Extracted records
[Start of Attachment]

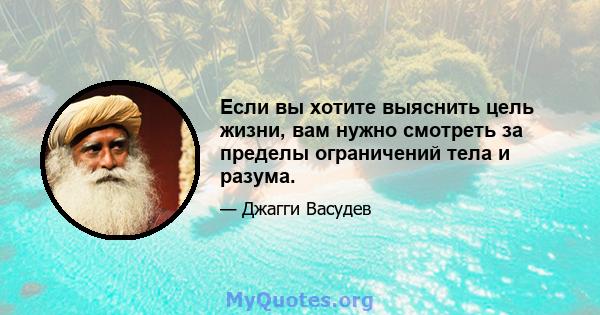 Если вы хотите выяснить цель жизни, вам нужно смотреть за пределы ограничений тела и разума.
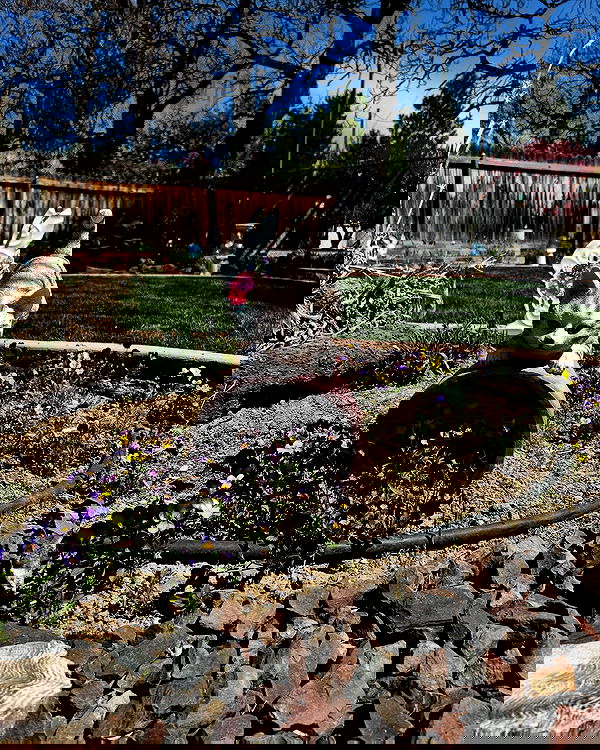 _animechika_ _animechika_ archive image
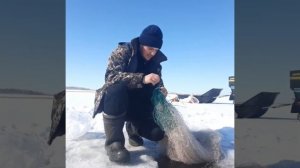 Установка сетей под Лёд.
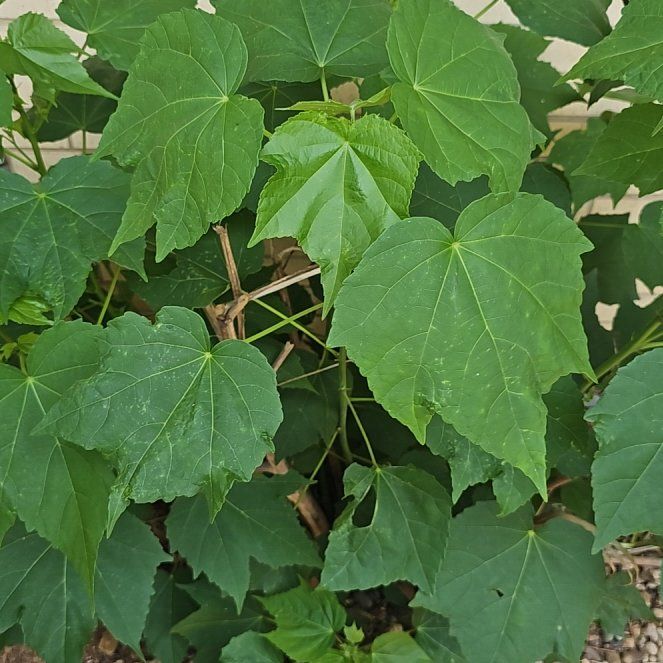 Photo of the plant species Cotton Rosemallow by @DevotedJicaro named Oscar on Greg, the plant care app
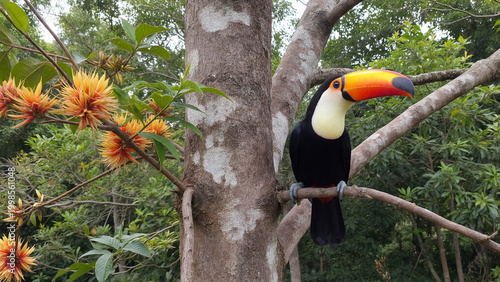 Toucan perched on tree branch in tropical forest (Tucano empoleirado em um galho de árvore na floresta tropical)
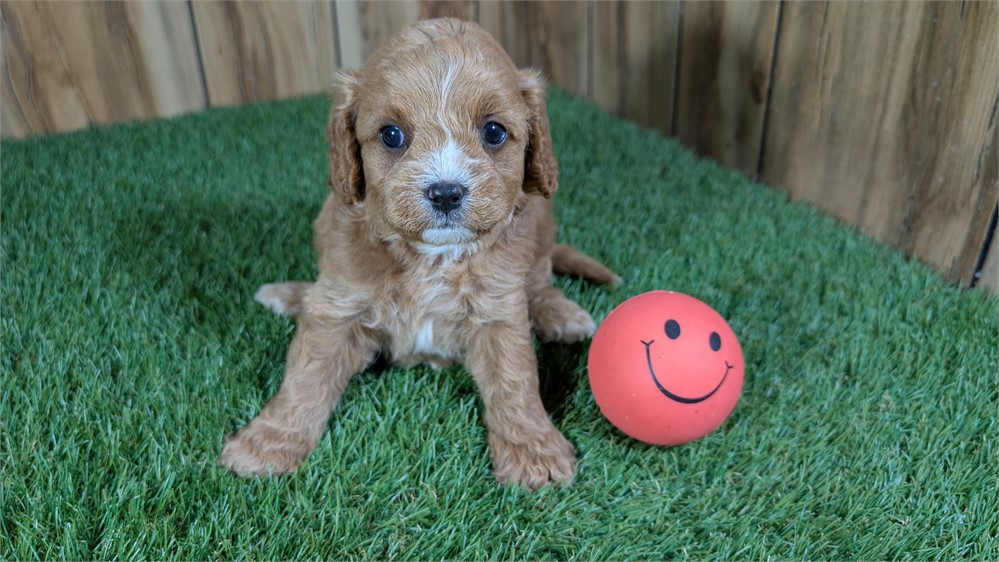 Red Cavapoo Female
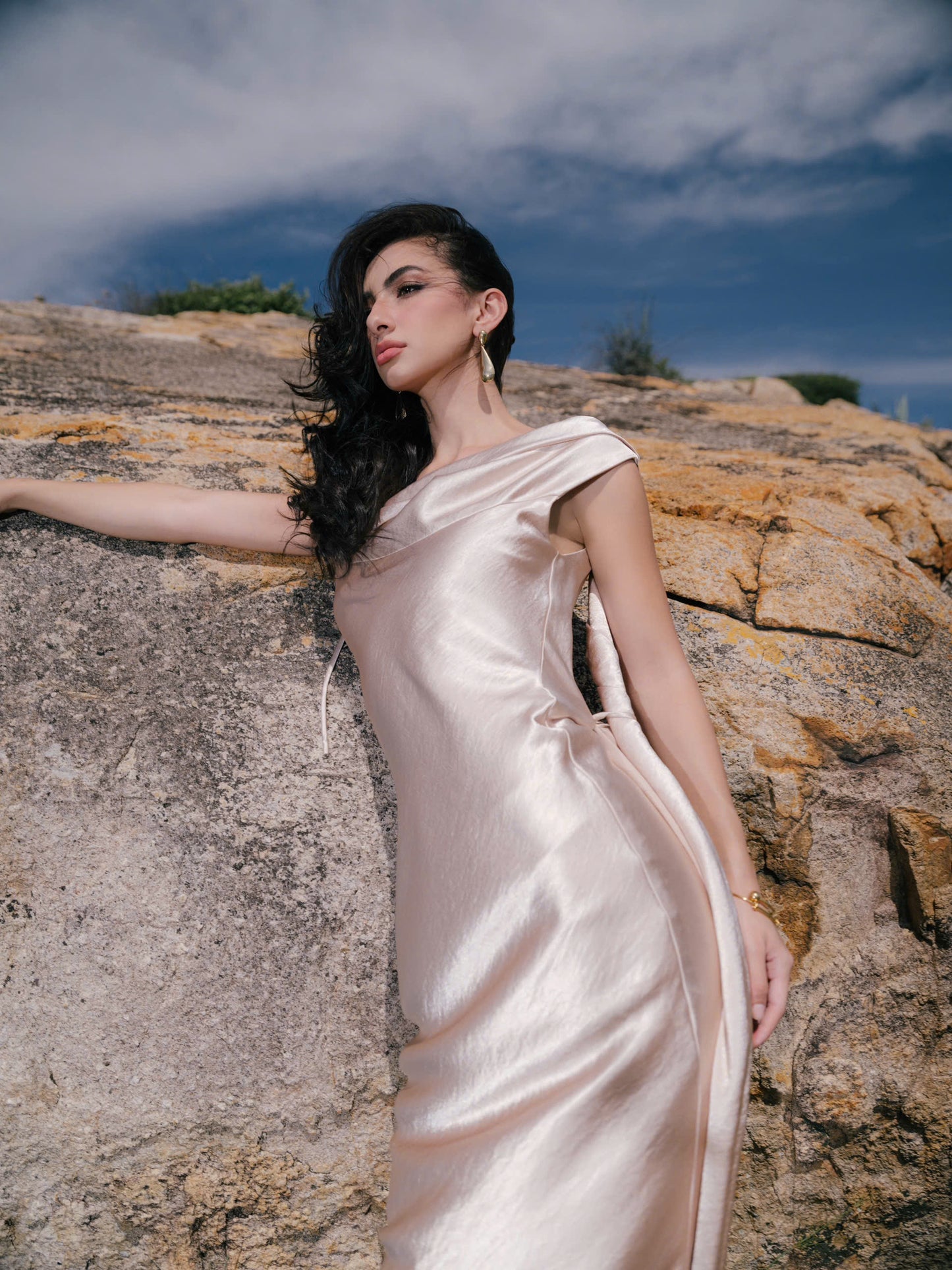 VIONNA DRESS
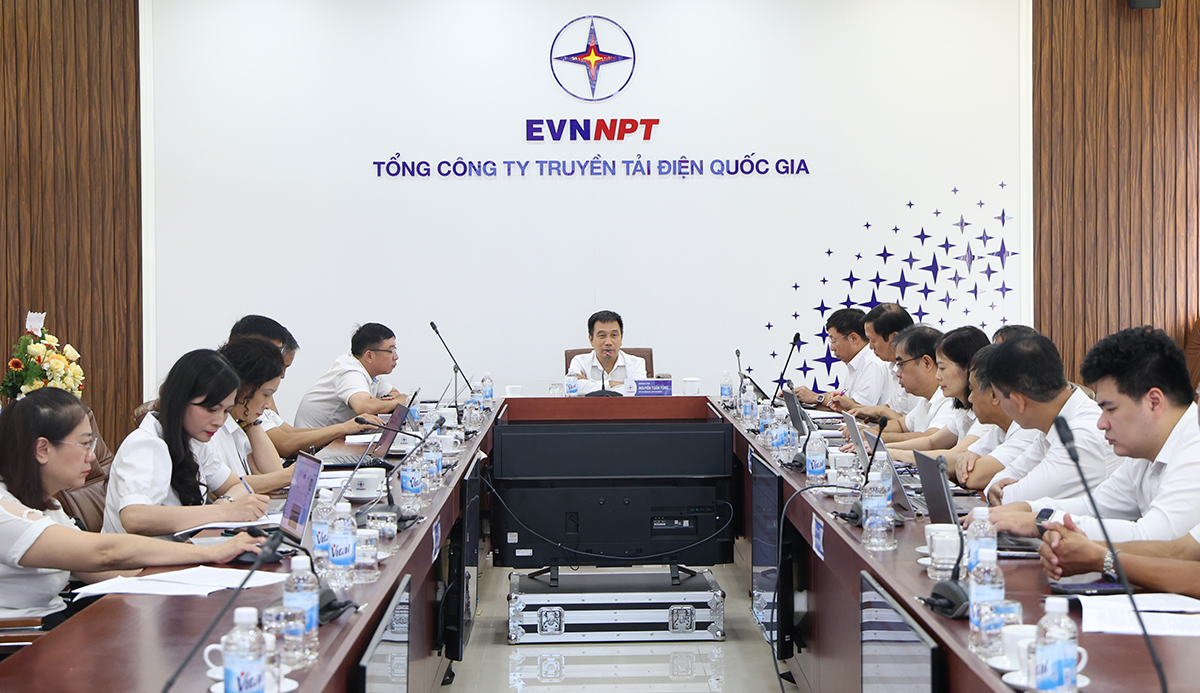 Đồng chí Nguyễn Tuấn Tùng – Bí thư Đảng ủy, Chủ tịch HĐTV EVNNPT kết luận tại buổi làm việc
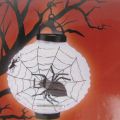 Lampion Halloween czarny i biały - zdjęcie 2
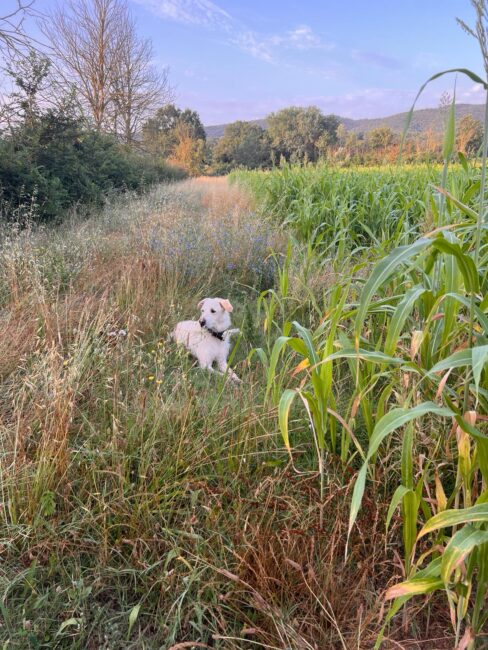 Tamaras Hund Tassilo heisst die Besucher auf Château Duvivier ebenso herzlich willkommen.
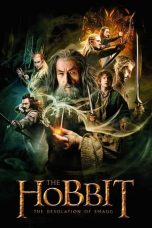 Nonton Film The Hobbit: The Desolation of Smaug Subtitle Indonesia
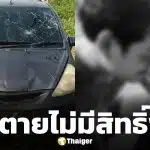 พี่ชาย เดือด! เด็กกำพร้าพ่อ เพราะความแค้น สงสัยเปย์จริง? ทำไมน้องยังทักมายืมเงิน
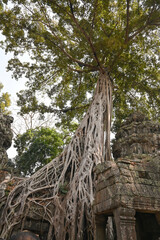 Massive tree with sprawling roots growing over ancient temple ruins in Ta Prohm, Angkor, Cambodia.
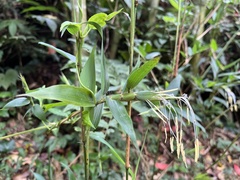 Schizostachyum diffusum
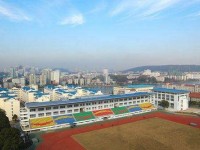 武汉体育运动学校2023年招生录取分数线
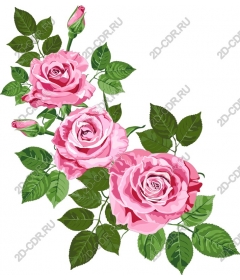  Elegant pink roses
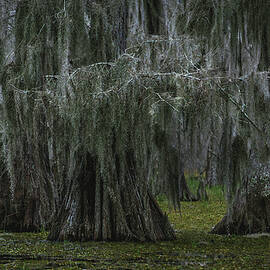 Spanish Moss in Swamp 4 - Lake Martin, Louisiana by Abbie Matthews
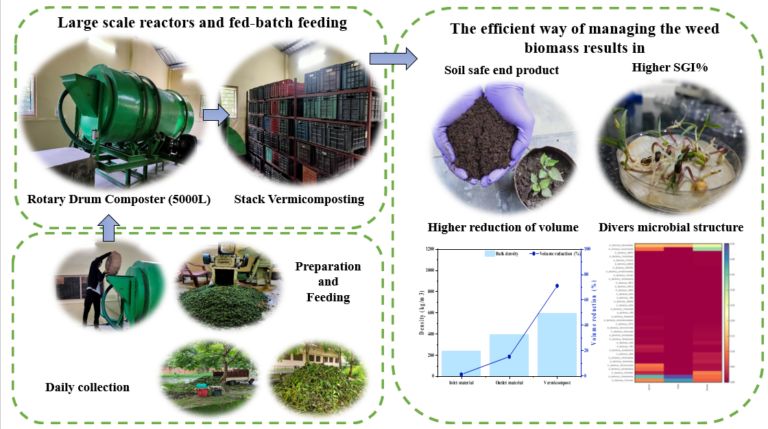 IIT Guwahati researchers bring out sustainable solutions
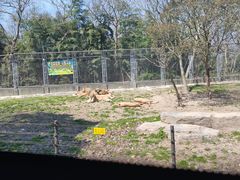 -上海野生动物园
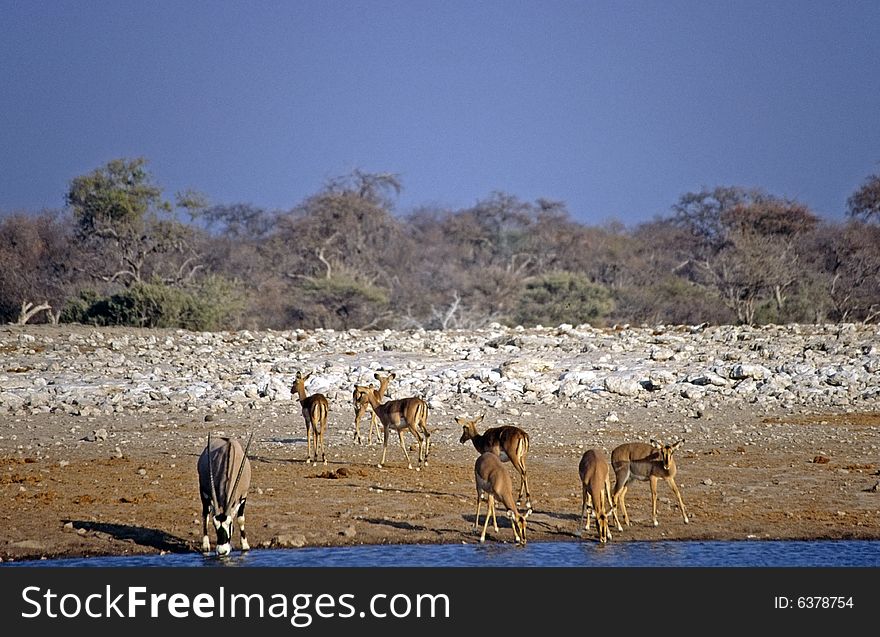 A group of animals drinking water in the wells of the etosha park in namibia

[End of Attachment]

Activity
From the line with "Nonton Film The" down to the last line of the records above, restate each line verbatim, passing over any picture.

Exercise answer
 Nonton Film The Hobbit: The Desolation of Smaug Subtitle Indonesia
 พี่ชาย เดือด! เด็กกำพร้าพ่อ เพราะความแค้น สงสัยเปย์จริง? ทำไมน้องยังทักมายืมเงิน
 Massive tree with sprawling roots growing over ancient temple ruins in Ta Prohm, Angkor, Cambodia.
 Schizostachyum diffusum
 武汉体育运动学校2023年招生录取分数线
  Elegant pink roses
 Spanish Moss in Swamp 4 - Lake Martin, Louisiana by Abbie Matthews
 IIT Guwahati researchers bring out sustainable solutions
 -上海野生动物园
 A group of animals drinking water in the wells of the etosha park in namibia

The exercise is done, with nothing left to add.